Le malheur comme mauvais sort : la statue maléfique

Une des logiques du malheur les plus structurantes du récit est la malédiction. La responsabilité du malheur est reportée sur l’idole qualifiée de « méchante » (V, 89). C’est, en effet, dans la cosmologie des Illois, « la statue qui fait [l]es malheurs » (V, 93). Le sort est culturellement « compri[s] comme un système symbolique […] pourvu de sa rationalité propre[23] », et il se constitue, du point de vue de la narration, à la manière d’une succession signifiante de malheurs. Cet enchaînement funeste commence dans le récit l’année précédant la découverte de la Vénus : l’année qui « a été bien mauvaise » (V, 88) a eu pour conséquence de faire geler l’olivier sous lequel était terrée la statue[24]. Sa découverte accélère la cascade malheureuse : la jambe cassée de Jean Coll, l’attaque du polisson qui reçoit une pierre sur la tête, la bague prisonnière du doigt de la statue, le meurtre du fils, la mort du père, et, enfin, les vignes qui ont encore gelé, dans une boucle sémiotique du malheur. On saisit combien le système de la causalité et de la sérialité calamiteuses organise de façon cohérente la narrativité. La suite d’actions fatales est décryptée dans la diégèse comme le résultat d’un sort (soit d’un mal donné par la statue) : « [J]e suis ensorcelé ! le diable m’emporte ! » (V, 111) dit Alphonse, qui appartient pourtant au monde juvénile du jeu et du pari. Or le hasard n’est plus, pour lui, le schème cognitif et principal d’explication du malheur ; le personnage appréhende plutôt l’événement à partir du prisme interprétatif de l’ensorcellement diabolique, conformément à la cosmologie de la majorité des Illois : « [L]’idole fait peur à mes coquins » (V, 108), dit M. de Peyrehorade, et elle effraie aussi son épouse, laquelle est convaincue que la statue « fait des malheurs comme celui-là [c’est-à-dire casser la jambe de Jean Coll] » (V, 93). Ce système de créance est également corroboré par le narrateur : « [I]l me sembla voir une divinité infernale applaudissant au malheur qui frappait cette maison » (V, 115). Malgré la modalisation (« il me sembla voir »), le savant de Paris active une substantialisation du malheur qui frappe cette maison et de la statue dotée de pouvoirs animistes (elle applaudit). Enfin, M. de P., l’ami du narrateur, dans sa lettre qui conclut la nouvelle, est persuadé que le « mauvais sort » poursuit « ceux qui possèdent ce bronze » (V, 118).

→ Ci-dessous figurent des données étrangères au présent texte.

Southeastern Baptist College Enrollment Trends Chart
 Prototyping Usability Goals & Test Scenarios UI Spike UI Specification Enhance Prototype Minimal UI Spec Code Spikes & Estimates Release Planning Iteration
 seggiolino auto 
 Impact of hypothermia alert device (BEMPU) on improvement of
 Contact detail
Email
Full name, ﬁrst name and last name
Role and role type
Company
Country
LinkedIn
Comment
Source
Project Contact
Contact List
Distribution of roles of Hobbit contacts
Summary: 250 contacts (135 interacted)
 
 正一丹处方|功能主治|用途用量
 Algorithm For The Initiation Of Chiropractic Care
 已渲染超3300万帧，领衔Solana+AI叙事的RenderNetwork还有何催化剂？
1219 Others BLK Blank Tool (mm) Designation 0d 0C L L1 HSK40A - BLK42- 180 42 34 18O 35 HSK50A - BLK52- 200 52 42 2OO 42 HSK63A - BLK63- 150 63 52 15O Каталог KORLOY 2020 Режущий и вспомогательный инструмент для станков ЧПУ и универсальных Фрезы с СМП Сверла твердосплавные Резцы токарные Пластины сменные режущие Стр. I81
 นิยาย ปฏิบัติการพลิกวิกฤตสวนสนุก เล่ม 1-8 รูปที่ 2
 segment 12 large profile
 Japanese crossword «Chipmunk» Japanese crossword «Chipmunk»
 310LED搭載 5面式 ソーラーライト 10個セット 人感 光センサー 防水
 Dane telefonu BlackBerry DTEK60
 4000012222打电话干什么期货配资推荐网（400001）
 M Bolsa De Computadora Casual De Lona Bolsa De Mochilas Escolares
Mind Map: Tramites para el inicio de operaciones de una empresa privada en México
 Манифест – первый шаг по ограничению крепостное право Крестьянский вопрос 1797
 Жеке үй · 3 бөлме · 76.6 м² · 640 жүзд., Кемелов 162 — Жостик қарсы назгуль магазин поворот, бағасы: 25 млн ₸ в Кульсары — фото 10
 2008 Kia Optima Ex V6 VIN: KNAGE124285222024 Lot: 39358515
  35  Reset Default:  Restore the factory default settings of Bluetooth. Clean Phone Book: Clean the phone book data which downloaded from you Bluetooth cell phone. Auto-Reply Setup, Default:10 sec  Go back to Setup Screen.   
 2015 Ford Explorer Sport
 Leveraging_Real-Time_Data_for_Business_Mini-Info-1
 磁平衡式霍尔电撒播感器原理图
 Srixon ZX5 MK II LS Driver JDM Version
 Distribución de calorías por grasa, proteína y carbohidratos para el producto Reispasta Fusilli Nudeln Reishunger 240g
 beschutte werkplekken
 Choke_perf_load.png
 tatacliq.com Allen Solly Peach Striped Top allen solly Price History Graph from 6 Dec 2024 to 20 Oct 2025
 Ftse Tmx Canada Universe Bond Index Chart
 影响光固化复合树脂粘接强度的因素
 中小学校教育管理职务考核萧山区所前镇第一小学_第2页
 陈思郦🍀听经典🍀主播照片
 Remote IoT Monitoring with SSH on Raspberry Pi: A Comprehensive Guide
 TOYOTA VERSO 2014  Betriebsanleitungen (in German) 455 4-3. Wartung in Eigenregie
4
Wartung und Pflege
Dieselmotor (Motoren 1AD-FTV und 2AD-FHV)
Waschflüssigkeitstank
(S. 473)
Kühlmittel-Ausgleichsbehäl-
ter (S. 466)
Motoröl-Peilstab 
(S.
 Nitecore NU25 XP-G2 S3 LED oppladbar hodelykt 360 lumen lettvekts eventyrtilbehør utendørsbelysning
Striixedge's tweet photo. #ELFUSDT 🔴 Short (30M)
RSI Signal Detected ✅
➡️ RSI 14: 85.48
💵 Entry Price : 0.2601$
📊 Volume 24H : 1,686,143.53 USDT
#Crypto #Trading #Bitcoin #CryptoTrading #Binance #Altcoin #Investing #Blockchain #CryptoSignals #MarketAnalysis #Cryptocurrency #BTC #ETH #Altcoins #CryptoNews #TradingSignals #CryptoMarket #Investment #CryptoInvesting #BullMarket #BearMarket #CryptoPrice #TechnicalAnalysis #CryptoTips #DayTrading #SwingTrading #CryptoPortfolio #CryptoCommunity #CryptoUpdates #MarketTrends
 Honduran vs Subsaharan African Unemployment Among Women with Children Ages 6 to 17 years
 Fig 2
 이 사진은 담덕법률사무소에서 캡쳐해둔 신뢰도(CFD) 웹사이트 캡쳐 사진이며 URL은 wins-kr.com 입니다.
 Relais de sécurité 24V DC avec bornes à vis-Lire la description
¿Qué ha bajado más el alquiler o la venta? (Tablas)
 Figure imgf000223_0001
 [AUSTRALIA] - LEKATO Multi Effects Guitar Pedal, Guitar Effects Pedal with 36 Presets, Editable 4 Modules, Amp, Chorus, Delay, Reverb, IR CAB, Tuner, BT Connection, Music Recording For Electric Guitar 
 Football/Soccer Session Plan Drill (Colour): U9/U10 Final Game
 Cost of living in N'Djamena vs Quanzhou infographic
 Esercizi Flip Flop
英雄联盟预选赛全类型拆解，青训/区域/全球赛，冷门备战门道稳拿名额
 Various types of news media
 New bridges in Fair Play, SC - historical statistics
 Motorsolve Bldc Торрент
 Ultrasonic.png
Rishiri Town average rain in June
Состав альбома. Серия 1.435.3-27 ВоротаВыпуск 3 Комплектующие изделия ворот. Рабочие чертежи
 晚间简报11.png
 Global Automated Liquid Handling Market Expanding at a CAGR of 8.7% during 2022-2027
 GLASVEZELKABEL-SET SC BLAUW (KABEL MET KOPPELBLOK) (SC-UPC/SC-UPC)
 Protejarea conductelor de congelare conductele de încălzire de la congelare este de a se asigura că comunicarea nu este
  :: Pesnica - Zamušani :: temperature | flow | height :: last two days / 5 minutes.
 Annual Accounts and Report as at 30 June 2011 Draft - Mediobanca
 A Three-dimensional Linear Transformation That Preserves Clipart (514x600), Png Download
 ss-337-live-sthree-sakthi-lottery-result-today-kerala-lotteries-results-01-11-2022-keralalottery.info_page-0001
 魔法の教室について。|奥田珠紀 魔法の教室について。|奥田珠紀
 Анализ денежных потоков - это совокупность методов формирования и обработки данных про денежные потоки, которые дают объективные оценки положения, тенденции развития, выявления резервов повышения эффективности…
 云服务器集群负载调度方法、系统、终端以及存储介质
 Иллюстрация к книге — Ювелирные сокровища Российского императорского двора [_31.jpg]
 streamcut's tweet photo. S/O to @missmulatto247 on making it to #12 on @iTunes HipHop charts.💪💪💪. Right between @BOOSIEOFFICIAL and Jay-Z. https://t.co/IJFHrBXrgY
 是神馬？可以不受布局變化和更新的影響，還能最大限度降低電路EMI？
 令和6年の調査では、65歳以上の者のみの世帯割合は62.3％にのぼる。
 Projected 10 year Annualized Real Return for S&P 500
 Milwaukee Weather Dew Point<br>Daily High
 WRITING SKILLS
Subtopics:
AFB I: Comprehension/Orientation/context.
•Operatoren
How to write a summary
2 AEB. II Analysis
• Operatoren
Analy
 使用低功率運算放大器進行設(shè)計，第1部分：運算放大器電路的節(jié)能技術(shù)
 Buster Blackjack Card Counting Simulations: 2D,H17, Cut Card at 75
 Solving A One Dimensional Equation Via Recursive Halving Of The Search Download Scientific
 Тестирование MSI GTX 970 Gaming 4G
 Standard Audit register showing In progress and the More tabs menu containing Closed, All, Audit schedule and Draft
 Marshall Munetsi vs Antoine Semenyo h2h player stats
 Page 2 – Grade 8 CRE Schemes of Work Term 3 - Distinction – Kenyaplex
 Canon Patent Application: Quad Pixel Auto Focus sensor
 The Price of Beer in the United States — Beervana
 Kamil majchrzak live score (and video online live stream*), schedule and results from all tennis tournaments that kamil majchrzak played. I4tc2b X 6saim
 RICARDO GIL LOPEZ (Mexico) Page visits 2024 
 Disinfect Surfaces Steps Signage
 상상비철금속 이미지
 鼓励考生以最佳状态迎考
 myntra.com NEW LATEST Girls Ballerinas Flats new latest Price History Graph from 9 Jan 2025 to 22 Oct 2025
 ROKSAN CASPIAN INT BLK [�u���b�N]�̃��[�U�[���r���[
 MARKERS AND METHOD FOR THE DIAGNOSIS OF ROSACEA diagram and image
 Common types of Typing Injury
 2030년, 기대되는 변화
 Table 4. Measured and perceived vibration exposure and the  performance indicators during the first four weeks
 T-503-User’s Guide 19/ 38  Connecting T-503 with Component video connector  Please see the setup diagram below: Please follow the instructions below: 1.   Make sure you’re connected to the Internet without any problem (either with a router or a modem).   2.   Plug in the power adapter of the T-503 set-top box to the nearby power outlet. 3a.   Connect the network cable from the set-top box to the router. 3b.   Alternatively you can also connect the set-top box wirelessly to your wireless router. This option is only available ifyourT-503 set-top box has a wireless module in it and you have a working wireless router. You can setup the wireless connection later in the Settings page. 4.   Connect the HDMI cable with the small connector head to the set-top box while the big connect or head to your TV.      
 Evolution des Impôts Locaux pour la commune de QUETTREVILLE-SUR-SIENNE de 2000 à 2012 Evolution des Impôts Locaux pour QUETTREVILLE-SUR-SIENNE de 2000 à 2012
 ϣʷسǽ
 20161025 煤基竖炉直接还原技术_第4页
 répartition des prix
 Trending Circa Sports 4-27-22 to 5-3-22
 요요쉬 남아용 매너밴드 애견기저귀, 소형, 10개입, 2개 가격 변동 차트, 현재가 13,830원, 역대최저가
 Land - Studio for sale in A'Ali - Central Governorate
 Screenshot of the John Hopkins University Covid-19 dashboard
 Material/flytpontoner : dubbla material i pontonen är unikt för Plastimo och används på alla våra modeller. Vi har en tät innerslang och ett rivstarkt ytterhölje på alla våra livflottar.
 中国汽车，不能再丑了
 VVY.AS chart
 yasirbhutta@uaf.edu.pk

Non seulement le personnel de la nouvelle croit en l’agentivité malveillante de la Vénus, mais le récit narrativise un ensemble d’intersignes. Cette mantique enchevêtre poétique des indices qui sont créateurs d’effets fantastiques et poétique des oralités, croyances et hantises propres à une culture folklorique rurale. Outre le mauvais oeil de l’idole sur lequel insistent les descriptions en soulignant son regard maléfique[25], la multiplication des actes de langage performatifs rappelle la croyance en la magie des paroles de malheurs : apostrophe, insulte, menace et outrage (V, 96)[26], « souhait » (V, 96)[27], « voeux » (V, 106), défi lancé (V, 106), malédiction de l’Espagnol, mises en garde orales (V, 89), etc. Le récit embraye sur des pressentiments et présages codés de la culture commune, tout en ayant partie liée avec des augures de malheurs savants et écrits. C’est par exemple la formule latine « Cave amantem » qui est traduite sous deux formes de mises en garde et qui programme l’assassinat final : « Prends garde à celui qui t’aime, défie-toi des amants » ou « Prends garde à toi si elle t’aime » (V, 98). On se doute que ne pas respecter l’avertissement peut mener à des infortunes. Sur le plan du paratexte, l’épigraphe – une citation de Lucien rédigée en grec – est un souhait qui agit comme un avis à double entente à destination du lecteur : « Que la statue […] soit favorable et bienveillante […] » (V, 87 ; 622 pour la traduction). Le texte actualise l’inverse de ce voeu puisqu’on le sait, la statue est néfaste. C’est déjà ce qu’annonce le titre du livre de Lucien : L’homme qui aime les mensonges.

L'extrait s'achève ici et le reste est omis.